What is the Unicode guidance regarding the use of a BOM as a UTF-8 encoding signature?
Karl Williamson
public at khwilliamson.com
Sun Jun 7 14:29:50 CDT 2020
On 6/5/20 9:53 PM, Jonathan Rosenne via Unicode wrote:
> I am curious about how your code would work with CP1255 or CP1256?
>
> Best Regards,
>
> Jonathan Rosenne
Send me a few problematic strings, and I'll check them out
>
> -----Original Message-----
> From: Unicode [mailto:unicode-bounces at unicode.org] On Behalf Of Karl Williamson via Unicode
> Sent: Saturday, June 6, 2020 6:29 AM
> To: Shawn Steele; Tom Honermann
> Cc: Alisdair Meredith; Unicode Mail List
> Subject: Re: What is the Unicode guidance regarding the use of a BOM as a UTF-8 encoding signature?
>
> On 6/5/20 4:33 PM, Shawn Steele via Unicode wrote:
>> I’ve been recommending that people assume documents are UTF-8. If the
>> UTF-8 decoding fails, then consider falling back to some other
>> codepage. Pretty much all the other code pages would contain text that
>> would look like unexpected trail bytes, or lead bytes without trail
>> bytes, etc. One can anecdotally find single-word Latin examples that
>> break the pattern (Nestlé® IIRC), but if you want to think of accuracy
>> in terms of “9s”, then that pretty much has as many nines as you have
>> bytes of input data.
>
> I have code that attempts to distinguish between UTF-8 and CP1252
> inputs. It now does a pretty good job; no one has complained in several
> years. To do this, I resort to some "semantic" analysis of the input.
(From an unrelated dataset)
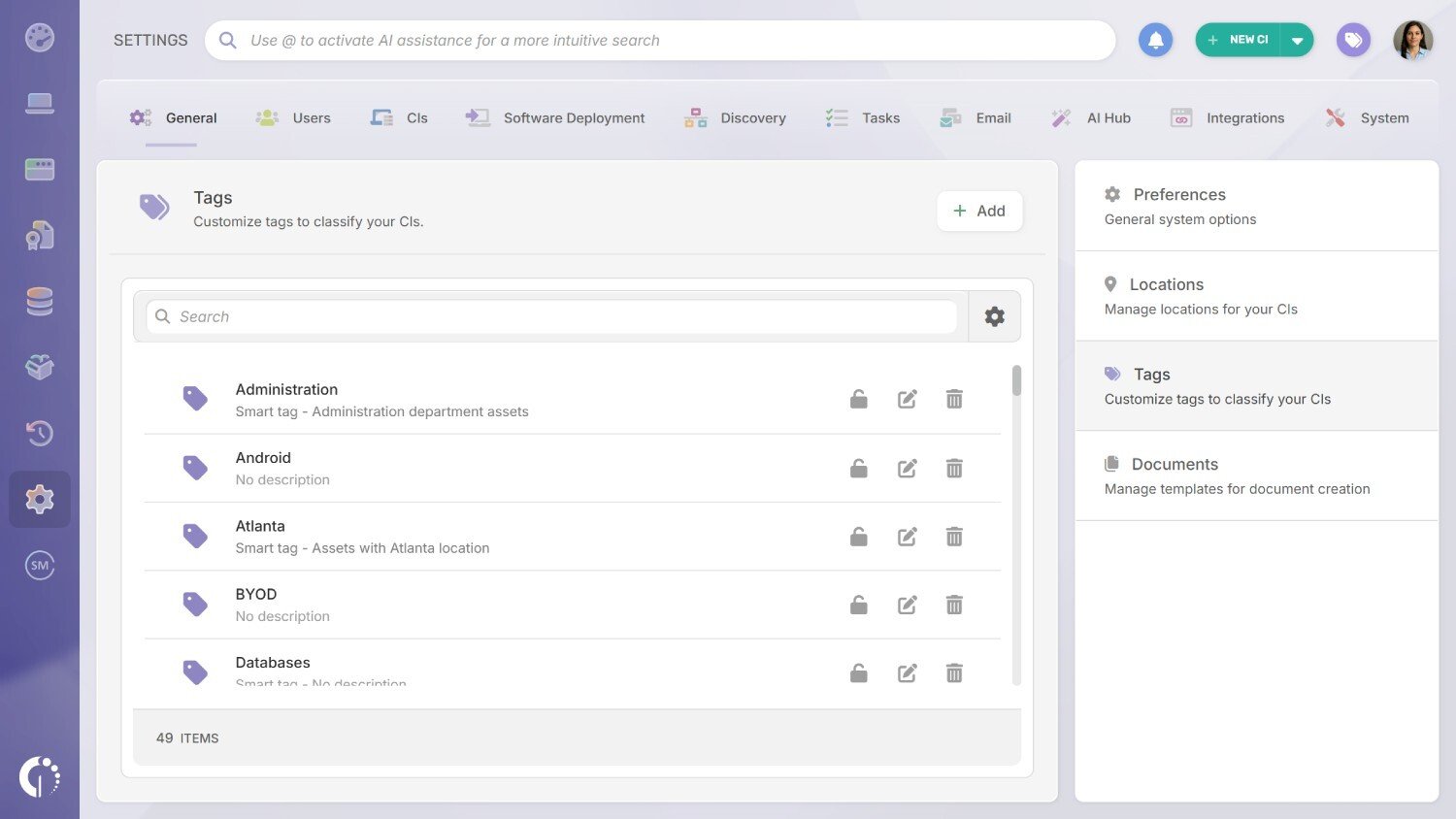 InvGate Asset Management Smart Tags.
> If it is syntactically valid UTF-8, but not a script run, it's not
> UTF-8. Likewise, the texts it will be subjected to are going to be in
> modern commercially-valuable scripts, so not IPA, for example. And it
> will be important characters, ones whose Age property is 1.1; text won't
> contain C1 controls. CP1252 is harder than plain ASCII/Latin1/C1
> because manyh of the C1 controls are co-opted for graphic characters.
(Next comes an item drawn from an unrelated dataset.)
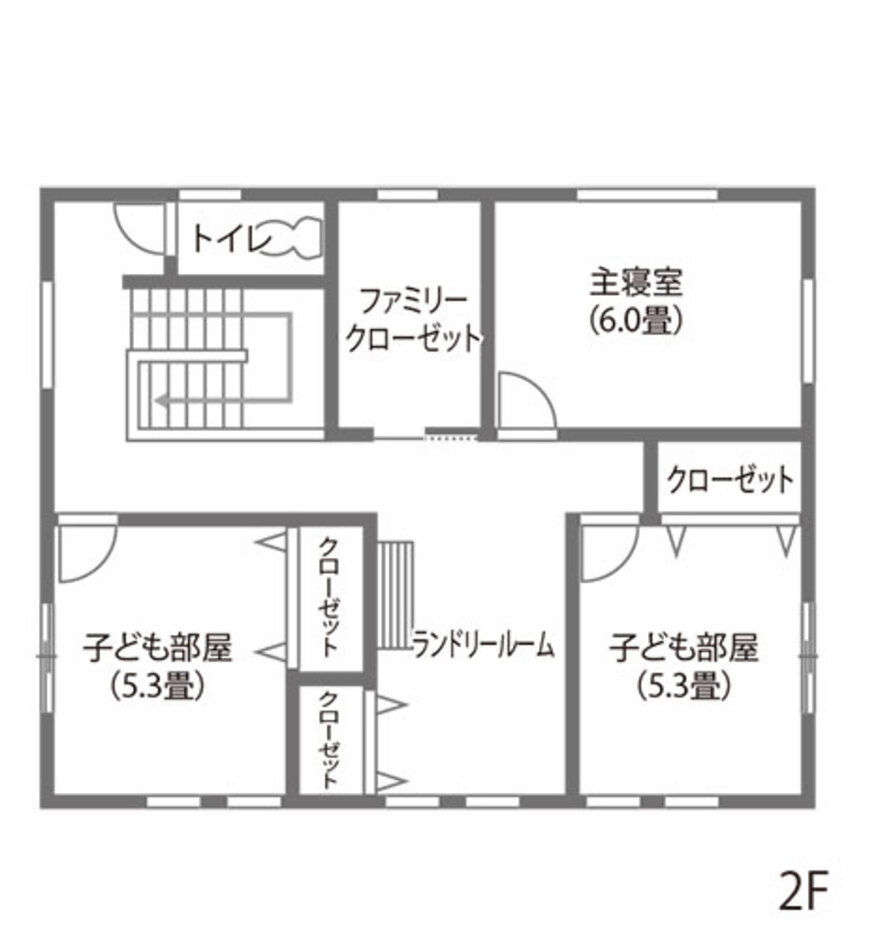KUREKEN HAUS（榑林建設） 共働き夫婦が叶えた、リビング階段のある間取り 2階間取り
> Someone sent me the following example, scraped from some dictionaries,
> that it successfully gets right:
>
> Muvrar\xE1\x9A\x9Aa is a mountain in Norway
>
> is legal 1252, and syntactically legal UTF-8, but the "semantic" tests
> say it isn't UTF-8.
>
> I also have code that tries to distinguish between a UTF-8 POSIX locale
> and a non-UTF-8, and which needs to work on systems without certain C
> library functions that would make it foolproof. That is less successful
> primarily because of insufficient text available to make a
> determination. One might think that the operating system error messages
> would be fruitful, but it turns out that many are in English, no one
> bothered to translate them. The locale's currency symbol is always
> translated, though the dollar sign is commonly used in other languages
> as part of the symbol. The time and date names are usually translated,
> and I use them.
>
>> I did find some DBCS CJK text that could look like valid UTF-8, so my
>> “one nine per byte of input” isn’t quite as high there, however for
>> meaningful runs of text it is still reasonably hard to make sensible
>> text in a double byte codepage look like UTF-8. Note that this “works”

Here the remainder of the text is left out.